It's mostly just been through work
that I've learned all this stuff.
So is it possible to become the future Runar
via just working at your job
where you're doing PHP development
and then playing around with things on the weekend?
Or do you need to be fully immersed?
Yeah, I don't know what it means to be the next Runear.
I think that you can absolutely become,
you can become an expert in anything that interests you enough
and that you have enough exposure to in your day-to-day life.
So it's not necessary to write books and to teach
and to work somewhere where they apply these principles.
You can just overcome that via self-interest?
Well, you ask the question whether it's necessary to write and teach.
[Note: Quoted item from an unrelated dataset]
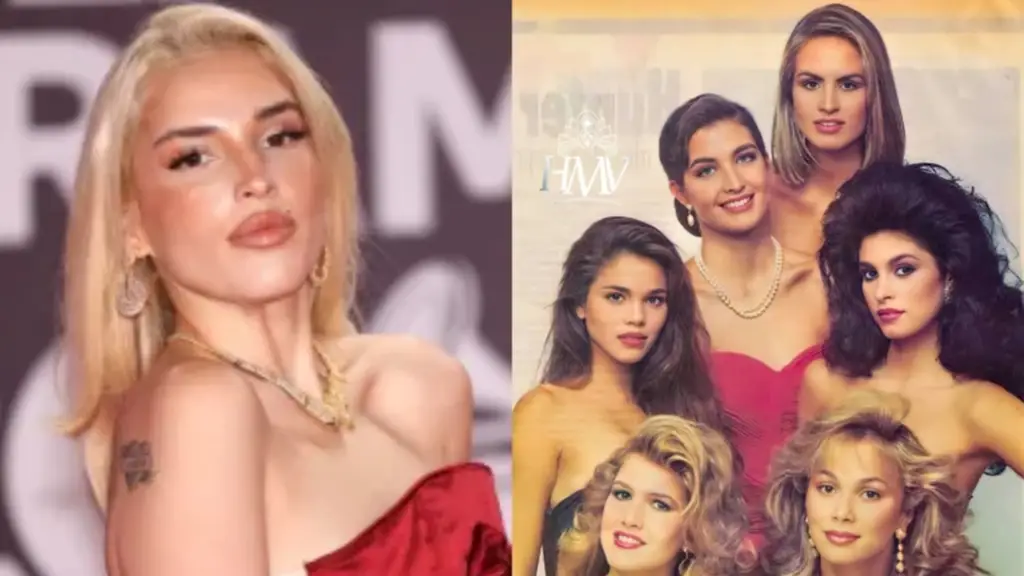 Conoce a la madre de Elena Rose que deslumbró en el Miss Venezuela 1991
I think that that's absolutely part of it.
I think you learn a lot by teaching an idea to someone else,
and you also learn a lot by writing your thoughts down.
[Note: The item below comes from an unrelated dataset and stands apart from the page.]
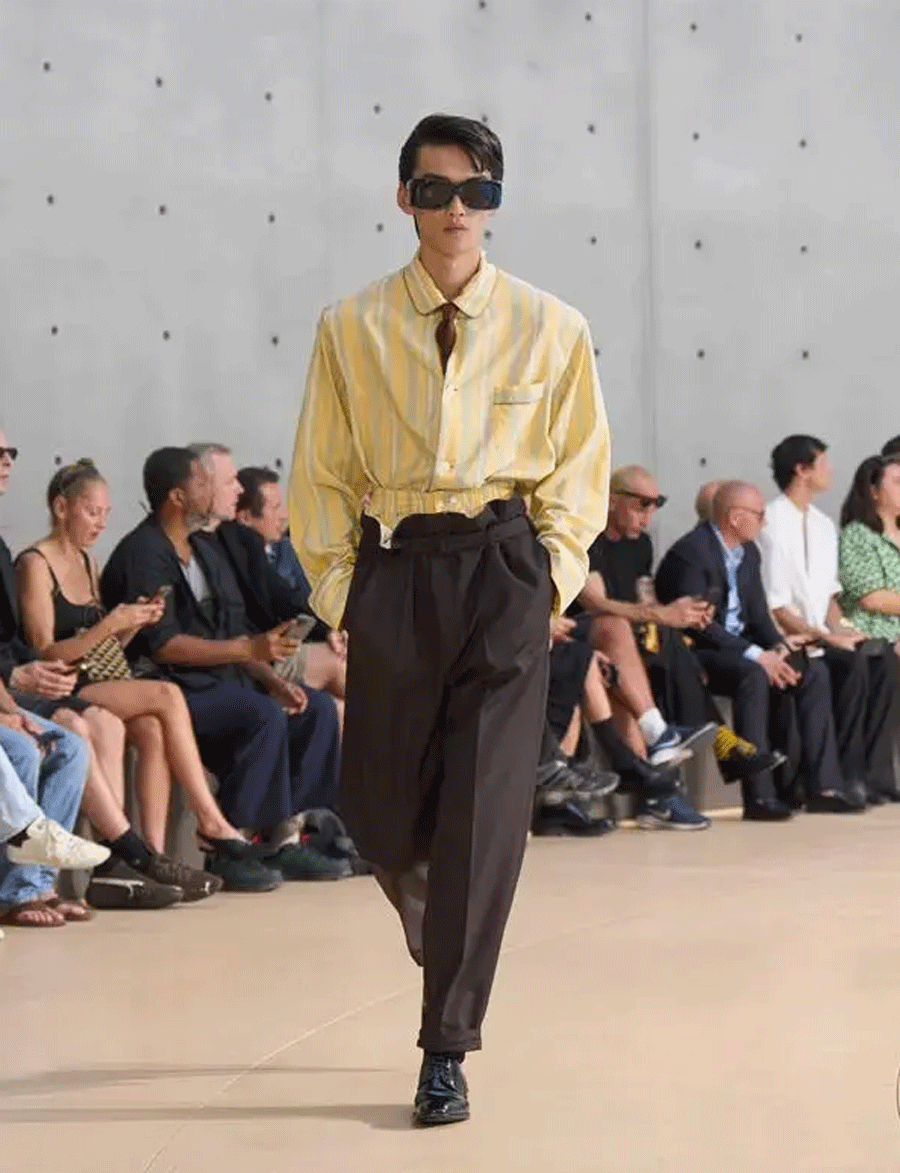 13 Xu Hướng Thời Trang Xuân/Hè 2026 Nổi Bật Tại Paris Fashion Week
So it kind of forces you to sort of face where your gaps are or where you might not have
a very precise idea, like not precise enough to explain it to someone else. So yeah, no,
I think that's definitely part of it. It's a sort of mind-body integration thing. Like I think,
you know, it's just like learning to dance or play the guitar or whatever. You can't really
know how to play the guitar abstractly. No one can really just tell you how to play the guitar or whatever. You can't really know how to play the guitar abstractly. No one can really
just tell you how to play the guitar. You got to do it. Yeah, that's a good point. So that makes
me think of like open source, right? So there's certain things I've learned about functional
programming or abstraction or about types just by having somebody tear into me in a PR. I can't get
that from reading your book, but I can like try to contribute to some sort of open source work and then have somebody tear into me there. Yeah, for sure. Well, I think that I used up all
the time. One thing I wanted to ask you about was this Unison Computing that you're working on.
Yeah. Do we have time to talk about that a little bit? Absolutely. So what is Unison Computing?
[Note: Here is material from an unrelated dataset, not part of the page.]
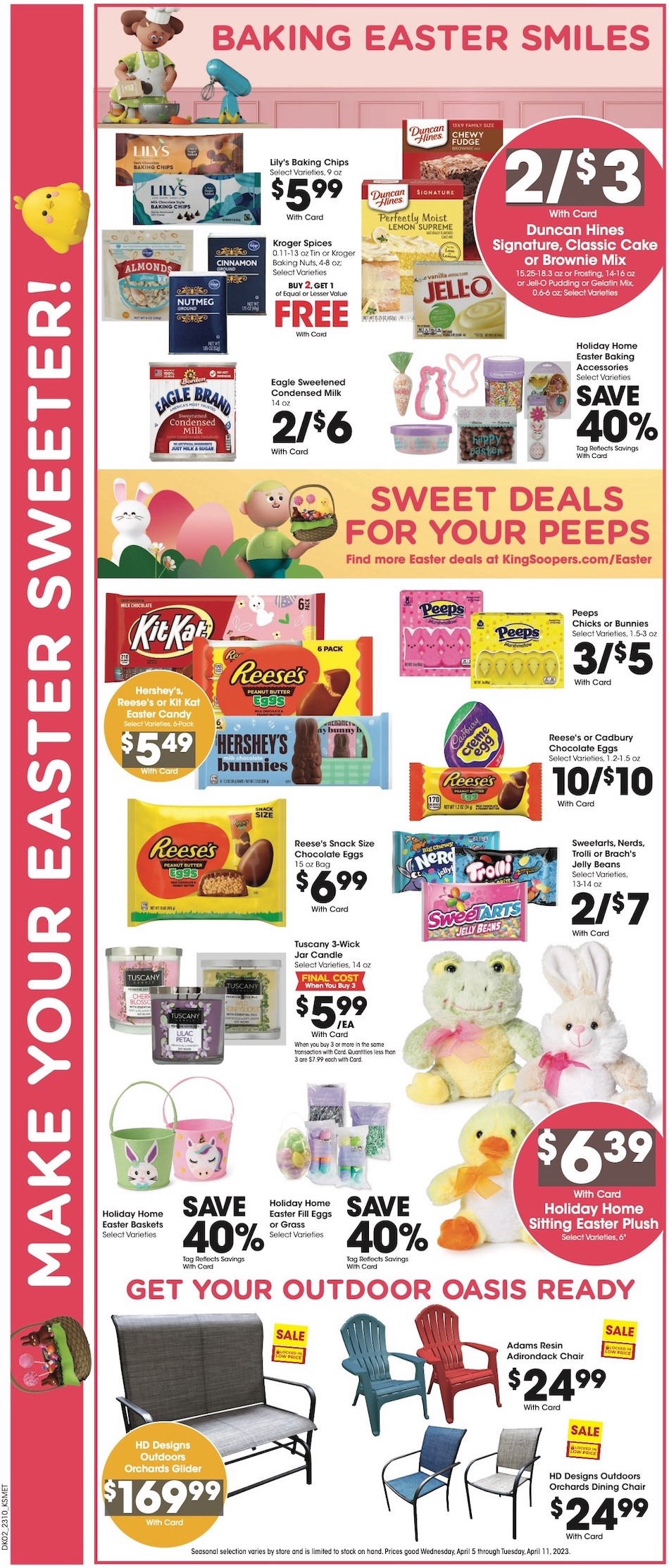 King Soopers Ad page 5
Yeah. So Unison Computing is a small company that i co-founded with a couple of friends in here in boston and so we're working on this language called unison which is a purely functional
programming language and we hope to have it make it easier to write particularly distributed
software but we we want to sort of revisit the entire developer experience and like the entire
experience of caring for and owning software, starting with
just how you interact with the compiler and then all the way to how you build large-scale
distributed systems. One thing I noticed when I looked at it, it seems like you don't represent
code as text. Is that right? Yeah, that's right. So the code base is a persistent data structure.
So essentially, the code base is a purely functional data structure
that you can manipulate.
It's an object that you can manipulate.
So it's not a jumble of mutable text files on your disk.
It's like an actual object that you can programmatically interact with.
I feel like this ties into your idea earlier
about SQL and representing SQL as strings.
Exactly. This is exactly like that.
So we represent programs symbolically so that we can manipulate them very easily programmatically.
And we can also communicate programs over the network.
And so we can write distributed systems where to make a program run on a large network
is no harder than just writing a program
that runs on a single machine. So you write a program that describes your entire system,
a distributed system, and then when you execute that program, that's the same thing as deploying
that distributed system. So it's almost like, this probably isn't how you would describe it,
but it's almost like if your entire program was in the config for Kubernetes,
then all you would need to do to deploy it
is give that config, hands it out to all the nodes,
and then executes it.
Yeah, it's basically like that.
Except that, imagine if you could talk about
Kubernetes locations as a first-class entity
in your programming language.
Then you're getting closer to where we're trying to go.
But, you know, communicating programs over the network
and representing them symbolically is not new.
Like Smalltalk did this, Lisp does this.
But we are doing this as a typed, purely functional programming language.
And what we communicate are identifiers.
We don't start by, like, sending programs over the wire.
So Unison has a unique approach to names, our identifiers. We don't start by sending programs over the wire.
So Unison has a unique approach to names,
which allows us to do this sort of unambiguously.
What's the approach?
Well, so, okay, so sort of as a little bit of a background,
let's say I have a program that calculates the 24th Fibonacci number or something.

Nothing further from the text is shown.